**DATA BLOCK**.
-*-*-

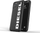 Mbrojtëse Diesel Molded Core për iPhone 11 Pro Max (FW20), e zezë
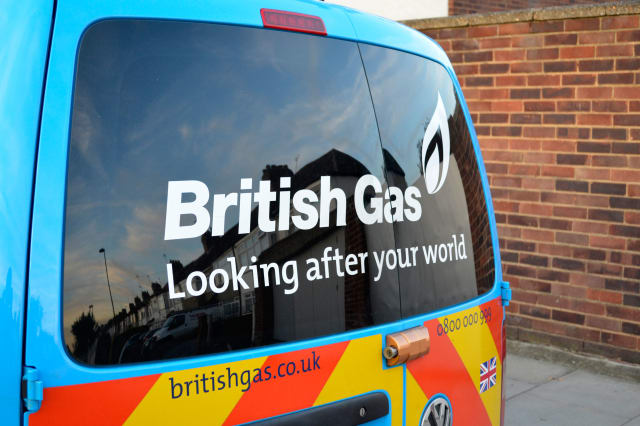 British gas free number 0800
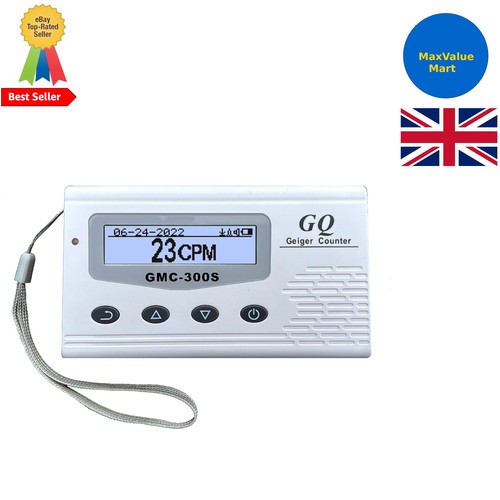 Gmc 300s digital nuclear - 300s,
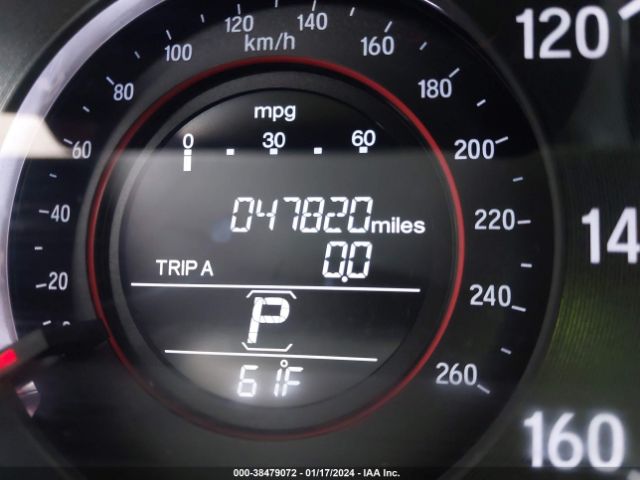 1HGCR2F57HA115607 Honda Accord Sport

-*-*-

**REQUIREMENT**.
Output the complete listing exactly as it appears, except for the images.

**RESPONSE BELOW**.
 Mbrojtëse Diesel Molded Core për iPhone 11 Pro Max (FW20), e zezë
 British gas free number 0800
 Gmc 300s digital nuclear - 300s,
 1HGCR2F57HA115607 Honda Accord Sport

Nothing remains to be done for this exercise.